Vandivier / data-science-practice

practicing basic data skills
1 stars 1 forks source link

Not Urgent.. Genderize minor edits #16

Open Mbjoerkh opened 6 years ago

Mbjoerkh commented 6 years ago

Big picture: Genderize has worked very well! Below are 2 suggested edits.
1) A couple hundred entries (both fellows sponsors) have no predicted gender because the name we've genderized a middle initial or initial of a two-part first name, instead of a single first name.

Suggested solution: after comma that follows lastname; split text by space into separate names to be genderized. Example: Entry#318_4 "BRADY, J. Mark" we should genderize both "J." and "Mark" . This has the added benefit of solving problem 2)

2) Occasionally there are multiple firstnames that actually predict differently. See Sponsor "Lee Robert Johnston", Lee yields a 75% chance of male, but Robert yields 100%. Jointly we can accept it as male, but depending on threshold we may not currently, but more importantly, there are cases which I believe assigns the wrong gender because of this.

P.S. I completely understand if you wished we'd done this in Stata so I could contribute more to the legwork with this... (I plan on "starting" the stata and analysis bit later today..)

P.S.S. Is the difference between the output and ordered-output files that the latter includes the non-adjacent entries?

Vandivier commented 6 years ago

1 - great suggestion about the subname, let's call it, genderization. I would want to keep these factors seperate by the way. So that we are clear when using a middle name vs first name. I understand there is likely no effect; but it is worth testing rather than assuming. (Eg my brother's name is Michael Lauren Vandivier...the gender assumption would fail on M. Lauren in this case)

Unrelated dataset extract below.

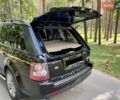 Коричневий Ленд Ровер Range Rover Sport, об'ємом двигуна 5 л та пробігом 200 тис. км за 12999 $, фото 12 на Automoto.ua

2 - I'm happy to use stata as little as possible: it's great for the statistical operations but I don't like it for wrangling

3 - ordered-output is guaranteed to be output in order :) output is not. Previously output happened to be in order (that is, input record one is associated with output csv row one), but this was not the case after integrating genderize as those http requests are async and may return unordered.

Mbjoerkh commented 6 years ago

1) Completely agree. 2) Works for me! 3) Ok. So it's ordered-output that should be used for analysis? and this explains why output has 220 more rows than output-ordered? (It's probably not be important for me to understand this, just making sure it's not an error..)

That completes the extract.